- 103
A large intact Kashan lustre bowl, Persia, circa 1200
Description
Catalogue Note
This bowl is a fine example of the ‘Kashan Style’ as defined by Watson 1985, pp.86-109.
Grube writes (unpublished text, 1995): "The principal elements of the decoration - a central medallion floated against the white ground and surrounded by a sequence of bands of various widths and decorations - is a feature frequently encountered in the lustre ware of this period (see Bahrami 1949, Pls. XLI and XLIV, or Grube 1976, nos. 174-176). The four large drop-shaped medallions along the edge of the bowl are unusual. Each has a small central disc; these are surrounded by a circular inscription written in lustre against the white ground. Such medallions can be found in the decoration of a number of tall lustre-painted bottles of the period (see Bahrami 1949, Pl. LXVII, see also the related pattern of an interlace band filled with a continuous inscription on the body of another bottle, ibid., Pl. LXXXVII), but it appears to be unrecorded as decoration for a bowl.

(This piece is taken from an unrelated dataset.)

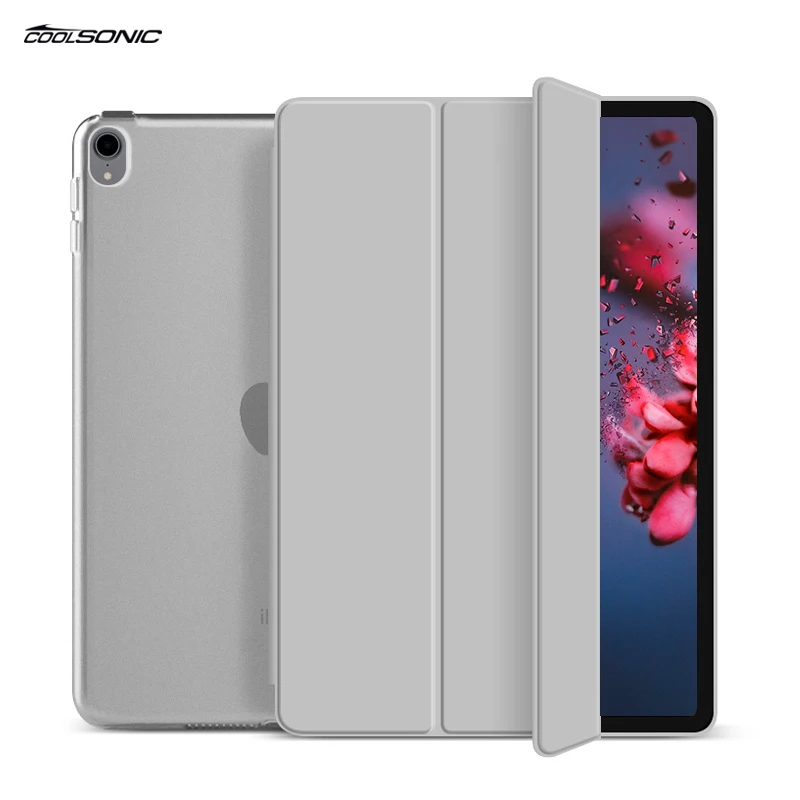

Three Folding Multi Color Flip Cover PU Leather Protective Tablets Case For Ipad6 / Air2, Multi colors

There is an abundance of writing on this object. On the inside there are two bands with cursive inscriptions and two with kufic writing, in addition to the four inscriptions in the medallions, and yet another cursive inscription along the edge of the exterior edge of the bowl. ...[The content] consists of a repetition of a single Persian quatrain, the first two lines being quotes sometimes in full, sometimes only in part, and at times in a manner that is practically illegible. It reads (in Persian):
'Oh my soul! I am dead through the grief of your love,
I am bound in the eyelashes of your eyes'"
The feathery roundels seen on the exterior of this example are comparable to those found on the lower section of a Kashan jug in the Museum für Islamische Kunst, Berlin (Watson 1985, pl.80).